Vendredi 6 avril 2018 10:00-11:00 - Robert LIGHTOWLERS - Newcastle University, invité par N. Bonnefoy

Human mitochondrial translation : what makes the proteins and how are they escorted to their final destination ?

Résumé : The function of human mitochondrial insertase Oxa1L, the human homolog of yeast Oxa1 (first described by members of CGM in Gif-Sur-Yvette) has remained contentious since its identification over 20 years ago. Recently, we have identified a patient with a biallelic mutation in OXA1L that causes a mitochondrial disease due to a combined oxidative phosphorylation deficiency.

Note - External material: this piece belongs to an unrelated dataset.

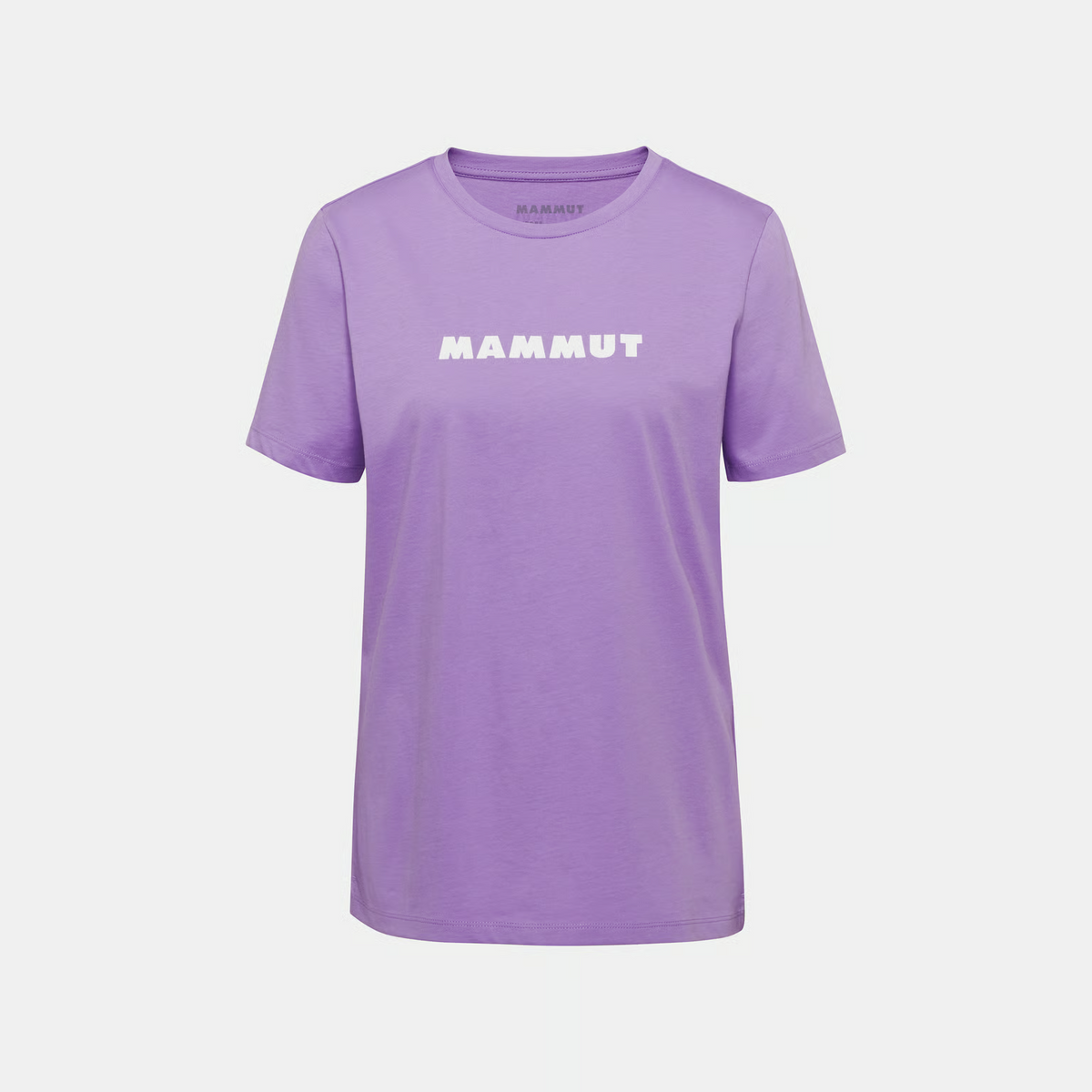 Mammut Women's Core Tshirt Logo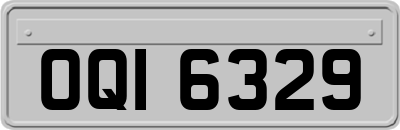 OQI6329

Previous experiments with shRNA depletion of human Oxa1L reported a defect in complexes I and V but spared any involvement in cytochrome c oxidase assembly (COX ; complex IV), a surprising result as Oxa1L had been expected to be essential for the insertion of all mtDNA encoded components. Patient muscle and fibroblasts show a decrease in Oxa1L but also a depletion of complex IV and V with a relative sparing of complex I, a phenotype rescued by expression of wild type Oxa1L. Targeted depletion of OXA1L in Drosophila melanogaster caused defects in the assembly of complexes I, IV and V. Targeted disruption of Oxa1L in human HEK293T cells required the co-expression of exogenous Oxa1L to prevent lethality, but the controlled loss of Oxa1L resulted in a substantial loss of complexes I, III, IV and V. Neuropathological experiments from the Oxa1L-deficient patient, however, indicate an isolated complex I deficiency. Taken together, whilst our data verify the pathogenicity of mutations in Oxa1L and demonstrate it is required for the assembly of multiple OXPHOS complexes, we find striking tissue and cell specific variation, perhaps implying the existence of other tissue-specific insertases involved in mitochondrial protein synthesis.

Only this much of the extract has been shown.